6) Qual è stato l'incontro che ha segnato maggiormente la Sua carriera?

"Facevo ancora l’attore quando un viaggio nelle Filippine mi diede la spinta decisiva a raccontare il Mondo non più attraverso parole di altri ma attingendo ai miei stessi sentimenti. ”Vedi Roberto – mi disse un missionario nel Mindanao - fa certamente comodo qualsiasi aiuto economico per il Terzo Mondo, ma finché non si volterà radicalmente pagina non cambierà mai nulla. Se esiste un Terzo Mondo vuol dire che l’uomo ha sbagliato. E’ la mentalità che va cambiata.” Tornato in Italia mi feci forza di questa frase e nel tentativo non certo di cambiare il Mondo ma almeno me stesso, decisi di abbandonare il lavoro d’attore per scrivere testi teatrali che proponessero temi a mio giudizio importanti per una crescita comune.
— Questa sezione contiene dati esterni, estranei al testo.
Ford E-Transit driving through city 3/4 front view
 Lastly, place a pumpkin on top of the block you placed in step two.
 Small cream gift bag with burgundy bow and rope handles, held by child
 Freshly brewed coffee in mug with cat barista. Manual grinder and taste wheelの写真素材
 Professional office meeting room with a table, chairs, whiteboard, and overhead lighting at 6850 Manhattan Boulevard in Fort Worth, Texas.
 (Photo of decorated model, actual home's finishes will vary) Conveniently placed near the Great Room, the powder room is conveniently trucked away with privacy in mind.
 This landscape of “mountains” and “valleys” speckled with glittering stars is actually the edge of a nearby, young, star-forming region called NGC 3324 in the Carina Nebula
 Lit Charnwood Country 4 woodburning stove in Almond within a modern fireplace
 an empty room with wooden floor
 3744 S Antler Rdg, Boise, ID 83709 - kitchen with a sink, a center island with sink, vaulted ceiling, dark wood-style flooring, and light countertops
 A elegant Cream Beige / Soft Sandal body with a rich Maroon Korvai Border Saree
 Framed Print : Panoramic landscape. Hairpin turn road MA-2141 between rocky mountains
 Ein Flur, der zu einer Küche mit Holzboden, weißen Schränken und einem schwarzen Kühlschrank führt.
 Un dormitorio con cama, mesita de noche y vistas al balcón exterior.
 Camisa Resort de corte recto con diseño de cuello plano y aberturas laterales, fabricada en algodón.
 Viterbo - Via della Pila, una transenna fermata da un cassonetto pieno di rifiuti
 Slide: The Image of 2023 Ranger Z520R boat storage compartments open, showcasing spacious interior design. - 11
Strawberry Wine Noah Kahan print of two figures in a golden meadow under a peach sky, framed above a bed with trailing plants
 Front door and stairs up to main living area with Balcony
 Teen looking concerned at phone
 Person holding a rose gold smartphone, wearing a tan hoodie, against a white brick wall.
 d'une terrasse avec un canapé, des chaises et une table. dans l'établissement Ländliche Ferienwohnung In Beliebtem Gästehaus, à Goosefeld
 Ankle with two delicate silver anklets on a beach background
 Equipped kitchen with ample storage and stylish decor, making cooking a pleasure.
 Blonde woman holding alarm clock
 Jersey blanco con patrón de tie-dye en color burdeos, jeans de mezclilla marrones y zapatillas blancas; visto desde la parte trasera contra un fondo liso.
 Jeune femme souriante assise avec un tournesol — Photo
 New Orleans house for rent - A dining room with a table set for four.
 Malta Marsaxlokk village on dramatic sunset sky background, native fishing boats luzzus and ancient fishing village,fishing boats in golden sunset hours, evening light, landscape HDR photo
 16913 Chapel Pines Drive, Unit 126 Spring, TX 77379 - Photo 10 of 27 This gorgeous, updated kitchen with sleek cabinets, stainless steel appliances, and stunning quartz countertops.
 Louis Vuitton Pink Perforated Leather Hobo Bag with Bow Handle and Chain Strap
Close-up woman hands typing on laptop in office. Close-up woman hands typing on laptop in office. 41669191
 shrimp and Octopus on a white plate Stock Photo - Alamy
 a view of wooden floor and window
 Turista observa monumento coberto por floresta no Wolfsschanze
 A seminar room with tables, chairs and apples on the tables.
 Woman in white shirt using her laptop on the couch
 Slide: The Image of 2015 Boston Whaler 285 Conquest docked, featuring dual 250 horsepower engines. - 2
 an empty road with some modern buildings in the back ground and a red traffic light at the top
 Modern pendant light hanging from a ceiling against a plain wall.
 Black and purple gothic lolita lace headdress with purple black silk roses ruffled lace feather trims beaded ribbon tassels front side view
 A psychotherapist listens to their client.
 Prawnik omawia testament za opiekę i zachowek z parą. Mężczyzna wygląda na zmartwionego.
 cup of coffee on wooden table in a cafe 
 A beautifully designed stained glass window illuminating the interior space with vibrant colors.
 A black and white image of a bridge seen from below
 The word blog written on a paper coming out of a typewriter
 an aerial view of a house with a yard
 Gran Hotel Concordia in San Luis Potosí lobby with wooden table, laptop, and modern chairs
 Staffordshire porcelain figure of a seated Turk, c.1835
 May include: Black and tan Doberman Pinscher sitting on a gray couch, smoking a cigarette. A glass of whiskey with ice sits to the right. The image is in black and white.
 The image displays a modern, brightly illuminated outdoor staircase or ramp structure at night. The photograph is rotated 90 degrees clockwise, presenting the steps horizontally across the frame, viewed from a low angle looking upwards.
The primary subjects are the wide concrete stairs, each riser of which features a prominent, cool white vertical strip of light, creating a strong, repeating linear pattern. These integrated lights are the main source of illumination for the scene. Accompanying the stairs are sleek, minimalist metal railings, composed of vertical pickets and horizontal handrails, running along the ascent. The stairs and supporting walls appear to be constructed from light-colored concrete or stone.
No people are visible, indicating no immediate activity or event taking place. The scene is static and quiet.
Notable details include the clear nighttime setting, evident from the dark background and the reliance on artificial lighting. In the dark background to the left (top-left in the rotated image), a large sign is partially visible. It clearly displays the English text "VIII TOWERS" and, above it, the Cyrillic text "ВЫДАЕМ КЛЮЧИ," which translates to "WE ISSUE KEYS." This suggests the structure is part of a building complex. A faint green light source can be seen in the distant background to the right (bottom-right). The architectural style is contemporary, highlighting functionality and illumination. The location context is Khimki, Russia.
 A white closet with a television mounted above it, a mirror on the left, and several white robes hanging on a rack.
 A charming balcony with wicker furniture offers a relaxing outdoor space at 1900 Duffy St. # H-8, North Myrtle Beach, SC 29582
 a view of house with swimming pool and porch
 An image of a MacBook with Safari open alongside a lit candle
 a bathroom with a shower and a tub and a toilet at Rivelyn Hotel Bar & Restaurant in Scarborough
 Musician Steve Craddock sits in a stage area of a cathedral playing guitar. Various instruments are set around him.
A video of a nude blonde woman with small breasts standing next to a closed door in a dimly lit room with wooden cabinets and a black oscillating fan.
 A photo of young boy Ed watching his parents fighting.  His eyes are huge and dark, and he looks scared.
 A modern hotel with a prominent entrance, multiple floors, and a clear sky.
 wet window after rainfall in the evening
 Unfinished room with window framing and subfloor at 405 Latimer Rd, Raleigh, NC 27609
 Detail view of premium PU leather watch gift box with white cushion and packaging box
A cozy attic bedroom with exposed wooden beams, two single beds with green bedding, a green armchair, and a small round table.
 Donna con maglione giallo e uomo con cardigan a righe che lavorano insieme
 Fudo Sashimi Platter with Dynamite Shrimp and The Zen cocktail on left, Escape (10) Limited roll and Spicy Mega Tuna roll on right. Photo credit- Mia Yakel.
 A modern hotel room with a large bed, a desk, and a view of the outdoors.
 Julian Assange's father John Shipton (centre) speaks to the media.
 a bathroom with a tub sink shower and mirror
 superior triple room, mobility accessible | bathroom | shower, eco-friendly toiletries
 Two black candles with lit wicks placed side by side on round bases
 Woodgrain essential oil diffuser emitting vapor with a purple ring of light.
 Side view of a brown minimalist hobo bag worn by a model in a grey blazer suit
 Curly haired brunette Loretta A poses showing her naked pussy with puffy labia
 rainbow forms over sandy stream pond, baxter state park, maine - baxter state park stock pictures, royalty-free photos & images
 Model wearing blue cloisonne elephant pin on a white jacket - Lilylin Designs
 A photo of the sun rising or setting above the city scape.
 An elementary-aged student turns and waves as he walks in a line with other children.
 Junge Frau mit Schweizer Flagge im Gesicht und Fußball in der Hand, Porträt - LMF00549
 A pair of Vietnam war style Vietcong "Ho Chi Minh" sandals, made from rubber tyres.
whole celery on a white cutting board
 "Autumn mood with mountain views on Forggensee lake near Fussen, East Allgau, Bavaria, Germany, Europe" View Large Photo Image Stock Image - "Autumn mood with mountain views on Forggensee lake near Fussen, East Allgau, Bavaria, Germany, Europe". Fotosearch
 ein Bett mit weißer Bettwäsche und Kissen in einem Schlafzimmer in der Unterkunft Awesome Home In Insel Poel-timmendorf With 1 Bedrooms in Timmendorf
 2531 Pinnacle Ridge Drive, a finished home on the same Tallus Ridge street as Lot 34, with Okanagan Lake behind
Nell’arco di qualche anno l’esigenza di perseguire questa avventura è diventata sempre più forte, tanto che nel 2006 mi decisi anche a fondare l’Associazione Culturale Oltreconfine proprio per avere ancora più voce e libertà d’azione."

7) Che consigli darebbe ad un giovane drammaturgo?

"Di lavorare in teatro a tutti i livelli, ingegnandosi come attore, tecnico, costumista. Il lavoro di drammaturgo è incredibilmente artigianale. Se io non avessi cominciato fin da piccolo lavorando in un teatro di burattini, da ragazzo come tuttofare in una filodrammatica della mia città e poi non avessi fatto l’Accademia d’Arte Drammatica come attore e ancora non avessi fatto appunto l’attore non credo sarei riuscito a dare ai miei testi sufficiente “polvere di palcoscenico”."

8) Qual è il Suo sogno teatrale nel cassetto?

"Un’utopia: riuscire a scrivere un testo in un linguaggio universale, che possa cioè scavalcare i confini linguistici. Trovare un linguaggio che possa essere come la musica, che non abbia bisogno di traduzioni ma che possa essere compreso da tutti. Temo che sia impossibile, ma chi lo sa… magari ci riuscirà negli anni a venire qualcun altro e allora ne sarò anch’io felicissimo e con me credo tutto il pubblico di domani!"